▸ **Records**

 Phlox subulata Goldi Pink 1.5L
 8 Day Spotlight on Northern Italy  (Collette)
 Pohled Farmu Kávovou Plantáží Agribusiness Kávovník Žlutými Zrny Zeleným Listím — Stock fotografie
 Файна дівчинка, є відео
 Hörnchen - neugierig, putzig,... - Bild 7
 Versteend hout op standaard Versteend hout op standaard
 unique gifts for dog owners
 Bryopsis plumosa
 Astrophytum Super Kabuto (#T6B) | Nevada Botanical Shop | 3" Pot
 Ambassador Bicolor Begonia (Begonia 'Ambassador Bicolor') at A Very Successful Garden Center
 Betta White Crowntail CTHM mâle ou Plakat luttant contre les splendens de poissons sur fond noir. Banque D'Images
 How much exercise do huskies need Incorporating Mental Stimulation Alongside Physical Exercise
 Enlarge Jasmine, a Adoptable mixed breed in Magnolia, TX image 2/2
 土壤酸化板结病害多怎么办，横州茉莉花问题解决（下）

▸ **Your task**
In the listing above, find the line with "8 Day Spotlight" and the line with "Hörnchen - neugierig, putzig,... - Bild 7". Output those two lines and every line between them, exactly as written.

▸ **Response for this exercise**
 8 Day Spotlight on Northern Italy  (Collette)
 Pohled Farmu Kávovou Plantáží Agribusiness Kávovník Žlutými Zrny Zeleným Listím — Stock fotografie
 Файна дівчинка, є відео
 Hörnchen - neugierig, putzig,... - Bild 7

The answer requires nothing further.